July 12, 2007
(AP) -- An opposition-aligned TV station forced off the air by President Hugo Chavez said Wednesday it will take its programming to cable and satellite television.
Radio Caracas Television, or RCTV, is still waging a legal battle to reclaim its broadcast license that Chavez refused to renew, forcing it off the air on May 27.
But until it can return to the open airwaves, starting Monday RCTV will reach viewers via cable, station chief executive Marcel Granier said Wednesday.
''Venezuelans want RCTV, and they will have it,'' Granier told a news conference. ``Until we achieve the goal of regaining our signal we must try to return to the air as soon as possible through alternative means.''
Cable and satellite television cost roughly $20 a month -- more than many Venezuelan families can afford -- and reach approximately 30 percent of households.

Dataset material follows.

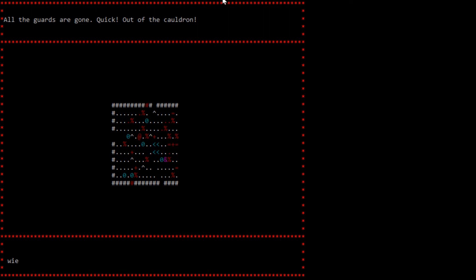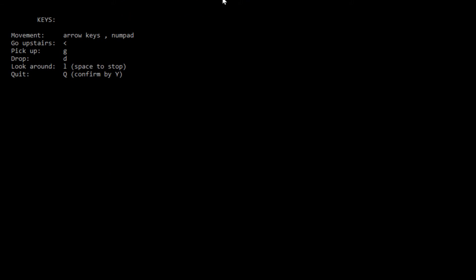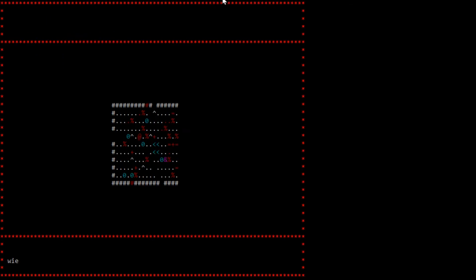We are the little at symbol somewhere on this page. I don't see us. Let's try the question mark. That does work. Movement, arrow keys, comma, numpad. Go upstairs is up. It looks like there's no downstairs, which is good. We're trying to ascend out of hell, it looks like, not descend further. Pick up is G, D for drop. L for look around, space to stop.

Granier and other Chavez critics have cast doubt on the possibility of a favorable appeal process, noting that Supreme Court magistrates were appointed by Chavez's allies in the National Assembly and are widely perceived as government-friendly.

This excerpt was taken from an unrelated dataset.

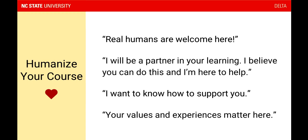When your course is really humanized, the messages that you'll send to your students include: real humans are welcome here — they don't have to bring their perfect selves, they can bring their whole selves to the class. It tells them that you will be a partner in their learning, that you believe they can do it, and that their experiences and their values matter in your course.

RCTV and three other major TV channels -- Venevision, Globovision and Televen -- are what Chavez has called the ''Four Horsemen of the Apocalypse.'' He has accused the channels supporting a short-lived 2002 coup by broadcasting cartoons and movies instead of the protests that aided his return to power.
Venevision and Televen have since curbed their criticism of the government, while Globovision has stayed its course. RCTV was fiercely critical of Chavez until its signal was turned over to a state-controlled public-service channel.
International press freedom groups, the European Union, the U.S. government, Human Rights Watch and others expressed concern about the move to force RCTV from the airwaves.